The April jobs data certainly served to dampen the spirits of investors that were hoping to see a continuation of the jobs gained early in the year. Well ... not going to happen. According to the latest data from the Department of Labor, the unemployment rate declined in April to 8.1 percent from the 8.2 percent achieved in March, landing lower than the Street's consensus of 8.2 percent and representing the lowest level since February 2009. However, while this drop in the unemployment rate would normally be considered to be encouraging, the manner in which it was achieved was certainly discouraging as many people simply dropped out of the work force. Also discouraging was that non-farm payroll employment increased by much less than expected.
So far, the trend in the unemployment rate is still favorable, but the April result had one major caveat that is worth noting. While the number of people unemployed was reduced by 173,000, the reason for the drop was simply because most of the unemployed chose to give up looking for work and moved out of the labor force, allowing for a rather fictitious improvement in the unemployment rate. Also intriguing was that the level of employment dropped by 169,000; this means that a total of 342,000 people simply moved out of the work force.

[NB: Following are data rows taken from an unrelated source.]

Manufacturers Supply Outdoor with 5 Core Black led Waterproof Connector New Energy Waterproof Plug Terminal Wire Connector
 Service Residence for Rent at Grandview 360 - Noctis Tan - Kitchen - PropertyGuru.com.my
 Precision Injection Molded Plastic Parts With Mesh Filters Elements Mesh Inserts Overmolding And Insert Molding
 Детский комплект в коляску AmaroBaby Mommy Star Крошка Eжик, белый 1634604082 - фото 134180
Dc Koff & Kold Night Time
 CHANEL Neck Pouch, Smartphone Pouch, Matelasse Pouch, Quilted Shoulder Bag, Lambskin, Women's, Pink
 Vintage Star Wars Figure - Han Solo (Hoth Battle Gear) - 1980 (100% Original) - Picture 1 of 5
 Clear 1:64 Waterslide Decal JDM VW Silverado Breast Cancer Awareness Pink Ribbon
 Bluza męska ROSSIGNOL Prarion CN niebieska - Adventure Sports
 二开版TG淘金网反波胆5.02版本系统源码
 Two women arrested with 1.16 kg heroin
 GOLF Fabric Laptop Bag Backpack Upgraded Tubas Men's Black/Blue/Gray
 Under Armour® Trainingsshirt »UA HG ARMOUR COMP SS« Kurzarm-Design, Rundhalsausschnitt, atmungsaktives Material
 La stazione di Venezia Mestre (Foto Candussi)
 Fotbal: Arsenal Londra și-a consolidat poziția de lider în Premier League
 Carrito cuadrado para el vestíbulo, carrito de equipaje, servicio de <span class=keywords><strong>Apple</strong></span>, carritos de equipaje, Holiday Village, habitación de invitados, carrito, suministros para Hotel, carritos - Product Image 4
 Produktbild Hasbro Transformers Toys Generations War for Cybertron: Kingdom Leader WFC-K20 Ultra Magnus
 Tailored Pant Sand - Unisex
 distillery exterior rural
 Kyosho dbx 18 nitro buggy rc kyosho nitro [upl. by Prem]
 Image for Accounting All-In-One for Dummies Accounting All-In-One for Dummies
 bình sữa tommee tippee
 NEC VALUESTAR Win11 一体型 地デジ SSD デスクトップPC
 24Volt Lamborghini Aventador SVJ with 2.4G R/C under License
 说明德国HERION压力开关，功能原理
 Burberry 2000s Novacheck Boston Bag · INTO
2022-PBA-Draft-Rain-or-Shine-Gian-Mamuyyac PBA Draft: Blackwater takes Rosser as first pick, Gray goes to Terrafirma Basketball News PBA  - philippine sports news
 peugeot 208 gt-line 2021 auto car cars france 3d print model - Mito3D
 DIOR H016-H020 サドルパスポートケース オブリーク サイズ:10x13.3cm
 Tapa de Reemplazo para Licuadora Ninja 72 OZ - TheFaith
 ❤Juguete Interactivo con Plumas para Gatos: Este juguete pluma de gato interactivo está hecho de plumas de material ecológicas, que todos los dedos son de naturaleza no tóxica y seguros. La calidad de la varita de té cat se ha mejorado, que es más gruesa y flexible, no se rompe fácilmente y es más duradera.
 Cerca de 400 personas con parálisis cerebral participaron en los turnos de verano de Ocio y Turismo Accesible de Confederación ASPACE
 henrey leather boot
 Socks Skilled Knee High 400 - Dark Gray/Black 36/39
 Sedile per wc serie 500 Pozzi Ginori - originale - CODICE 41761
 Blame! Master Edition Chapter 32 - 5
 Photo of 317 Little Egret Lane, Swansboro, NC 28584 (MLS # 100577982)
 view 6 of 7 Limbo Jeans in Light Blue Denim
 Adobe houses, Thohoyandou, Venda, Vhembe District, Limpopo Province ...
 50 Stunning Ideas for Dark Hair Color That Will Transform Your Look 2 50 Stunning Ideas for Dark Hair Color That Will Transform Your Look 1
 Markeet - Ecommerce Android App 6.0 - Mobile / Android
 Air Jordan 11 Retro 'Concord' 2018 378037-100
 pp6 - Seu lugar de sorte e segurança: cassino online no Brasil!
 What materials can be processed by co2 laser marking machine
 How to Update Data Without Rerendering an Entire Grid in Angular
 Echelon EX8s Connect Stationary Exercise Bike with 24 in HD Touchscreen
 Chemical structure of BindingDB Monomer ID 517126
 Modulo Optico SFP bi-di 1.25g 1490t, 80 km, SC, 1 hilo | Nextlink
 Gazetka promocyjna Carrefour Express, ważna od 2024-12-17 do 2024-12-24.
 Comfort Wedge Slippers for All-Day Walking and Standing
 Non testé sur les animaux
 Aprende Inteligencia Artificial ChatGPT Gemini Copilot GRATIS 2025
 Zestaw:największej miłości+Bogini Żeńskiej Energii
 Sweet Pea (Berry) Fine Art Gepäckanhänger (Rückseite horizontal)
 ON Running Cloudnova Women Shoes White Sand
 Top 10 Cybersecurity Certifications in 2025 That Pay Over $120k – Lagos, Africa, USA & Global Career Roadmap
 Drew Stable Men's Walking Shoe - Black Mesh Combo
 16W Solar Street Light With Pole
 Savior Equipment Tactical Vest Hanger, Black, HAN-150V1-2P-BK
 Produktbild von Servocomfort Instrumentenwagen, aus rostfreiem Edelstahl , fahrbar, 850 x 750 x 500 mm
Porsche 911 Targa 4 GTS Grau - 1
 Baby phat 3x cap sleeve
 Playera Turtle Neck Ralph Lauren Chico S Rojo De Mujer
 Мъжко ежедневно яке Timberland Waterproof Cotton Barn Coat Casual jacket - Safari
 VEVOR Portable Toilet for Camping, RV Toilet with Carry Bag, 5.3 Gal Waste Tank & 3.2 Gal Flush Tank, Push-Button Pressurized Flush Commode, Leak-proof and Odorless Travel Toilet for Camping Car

Perhaps the most surprising aspect of the report was that the change in nonfarm payroll jobs was much worse than expected as it showed an increase of 115,000 jobs while the Street's consensus called for a gain of 162,000. This nonfarm payroll figure also came in a bit below ADP's nonfarm jobs number posted last Wednesday that showed an increase of 119,000 jobs. It is worth noting, however, that while there have be some fluctuations, the economy has been able to consistently add jobs in each of the last 19 months. Moreover, the warmer that seasonal weather may have also contributed the less than expected result as many individuals appear to have found employment ahead of time, giving the prior couple of months' data a boost but starving out the momentum in April. In fact, nonfarm employment in February and March were revised higher by a total of 53,000 jobs
The net effect of the jobs data has certainly been negative today as reflected by the sharp downturn in equity markets. Ironically, a worse nonfarm figure (below 100,000) would have actually pushed markets higher today as it would have significantly increased the probability of the Fed putting a quantitative easy program into effect, but obviously this was not the case. So, let the slow painful recovery continue.